Orange-crowned Warbler & Gray-cheeked Thrush

RBG. Hendrie Valley, Burlington ON. October 5th. 2020. Following 24 hours of mixed, sometimes dirty, weather my companion and I sensed a good chance of rewarding birding this morning; and it certainly delivered. We racked up 52 species of birds and it took us three and a half hours to do a transect that usually takes two. 

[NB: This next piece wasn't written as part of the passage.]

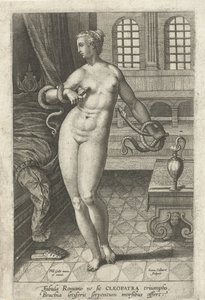 クレオパトラの死 古代の有名な自殺（シリーズタイトル） 作： Jan Collaert (II)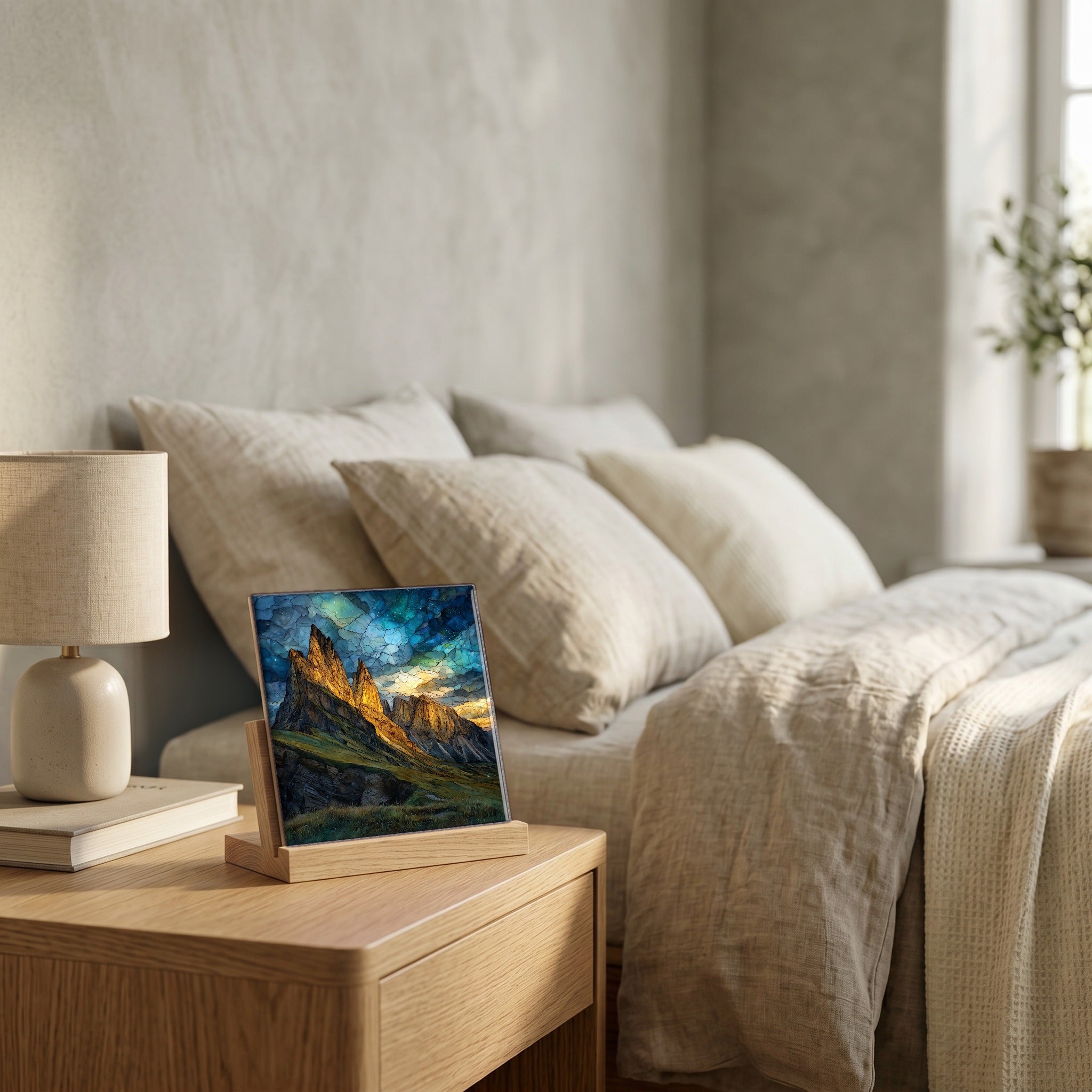 On the nightstand, on a light oak stand.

There were two Birds of the Day today, both special because of their quiet, fleeting scarcity, not because of the one thing they have in common, that neither is particularly engaging to look at.  The second one, a Gray-cheeked Thrush, like all of its thrush cousins, is modest in behaviour and subtly and beautifully dressed in earth tones. I hadn’t seen one for many months, maybe a couple of years, and was pleased when one landed close to us. Here’s a photo of it, not spectacular – but precious in its own way.

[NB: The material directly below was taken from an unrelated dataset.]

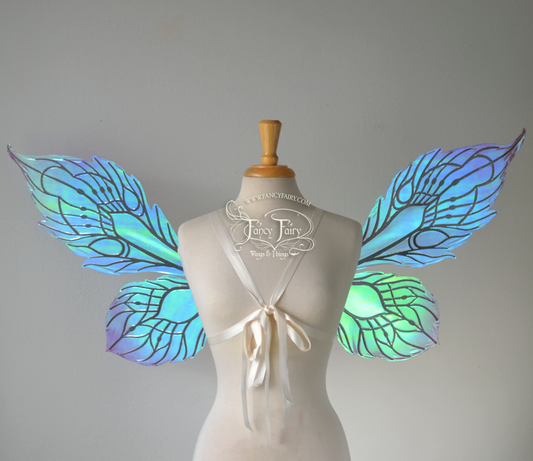 Sintra Iridescent Convertible Fairy Wings Painted Aquamarine and Plum with Black veins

My other Bird of the Day was an Orangecrowned Warbler, a bird that stands out for being uncommon, uncommonly plain and somewhat inappropriately named. We see very few of them here, they are much commoner on the west half of the continent, commoner to the point of being a bit tiresome. In some sort of compensation for their commonness, the western birds are much brighter than eastern individuals. (A middling yellow versus a greyish with a wash of yellow on the undersides). Perhaps the easterners are more likely to be overlooked than truly absent.

Seeing one today was sort-of anticipated, it is the right time of year. They are a latish migrant among warblers and we were examining an expanse of seedy herbaceous plants, their sort of place. The bird we found was searching for food, obligingly not too far from us, but made a point of digging deep and staying buried in the thick vegetation. Being a bit of a triumph propelled today’s Orange-crowned Warbler into shared My Bird of the Day status. And as to the orange crown, we didn’t see it, few do, it is rarely visible and said to be more obvious on bathing or scolding birds.

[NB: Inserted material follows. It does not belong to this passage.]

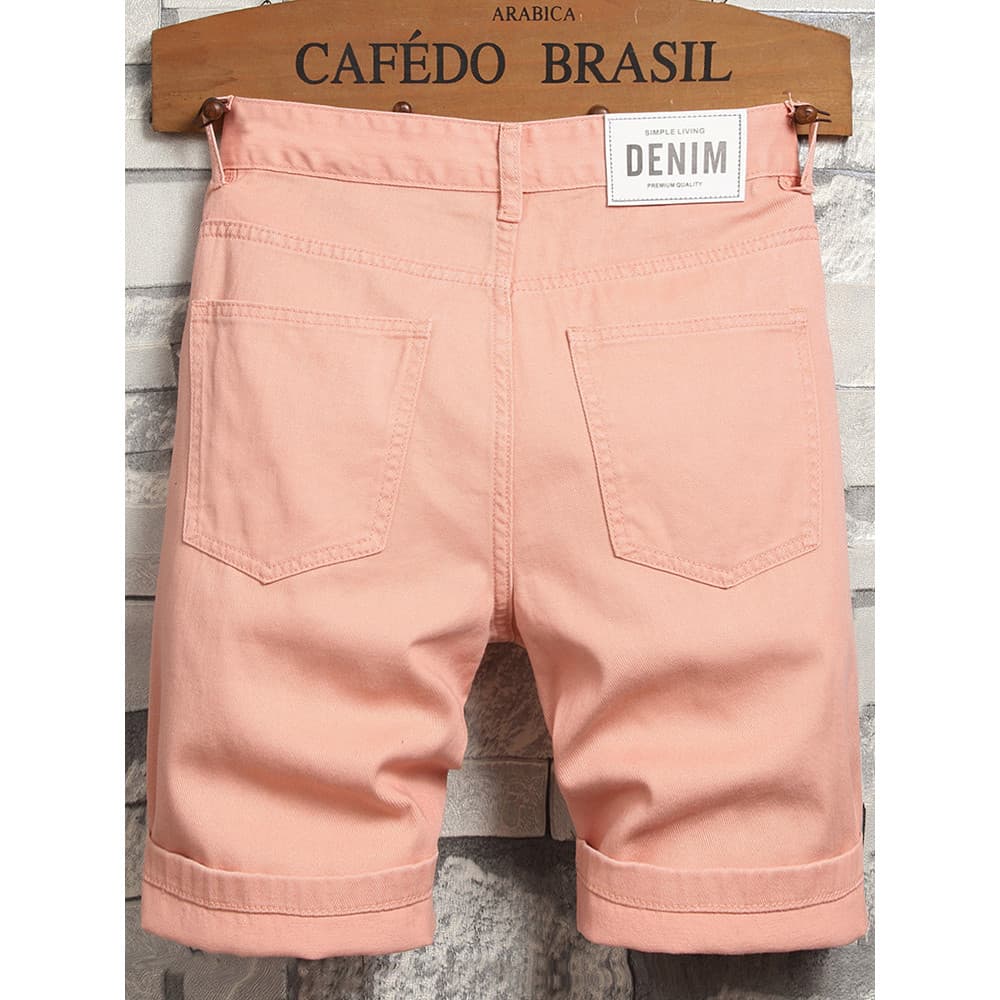 2026 novo estilo rosa calças masculinas Shorts jeans verão estilo fino cortado cortado calças casuais estilo masculino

Our morning was as broadly rewarding for many notables as it was for the Gray-cheeked Thrush and the Orange-crowned Warbler. We found a few other late moving warblers: Northern Parula, Common Yellowthroat and Magnolia, Blackthroated Green and Yellowrumped Warblers. A Blueheaded Vireo, some Rubycrowned Kinglets, two late Least Flycatchers and a few Greenwinged Teal and two American Wigeons.